Lord Woolf MR said that there could be no justification for singling out the legal profession for special treatment with regard to anonymity, and no inference that it should be so singled out should be drawn from RSC Order 106 r 12, which provided that solicitors should not be named in disciplinary appeals to the courts. That rule was probably a remnant from earlier times when proceedings before the Solicitors' Disciplinary Tribunal had been held in private. Other professions were not, generally, granted anonymity, and the Rules of the Supreme Court should now be amended to bring the position of solicitors in line with that general practice.
Since the present case did not come within one of the four specific situations identified in section 12 of the Administration of Justice Act 1960, any protection against identification had to depend upon some exception to the general principle that all proceedings should be conducted in public. Such an exception could only be justified if it was necessary in the interests of the proper administration of justice. It was important not to forget that the public nature of proceedings deterred inappropriate behaviour on the part of the court and maintained the public's confidence in the administration of justice.
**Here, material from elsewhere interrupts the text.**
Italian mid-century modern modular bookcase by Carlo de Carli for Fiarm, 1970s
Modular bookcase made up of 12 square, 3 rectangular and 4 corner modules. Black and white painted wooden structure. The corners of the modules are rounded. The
In deciding whether to accede to an application for protection from disclosure it was appropriate to take into account the extent of the interference with the general rule which was involved, and the nature of the proceedings. A distinction could be made depending upon whether anonymity was sought for a plaintiff, a defendant or a third party, but, in general, parties and witnesses had to accept the embarrassment and damage to their reputation, and possible consequential loss, which could be inherent in being involved in litigation. The protection to which they were entitled was normally provided by a judgment delivered in public which would refute unfounded allegations.
There could, however, be situations where a party or witness could reasonably require protection, but there had to be some objective foundation for the claim which was being made. In the present case, the fact that the firm did not want its name to be associated with decision of the court which might become a leading authority was not a reasonable basis for seeking anonymity.
If the firm had not raised the issue of anonymity at the stage of applying for leave, it was unlikely that the proceedings would have resulted in any publicity at least until the substantive hearing, and any such publicity, in so far as it was unfair, would be mitigated within a short time scale by the judgment of the court. Accordingly, the judge's decision to refuse the application was correct.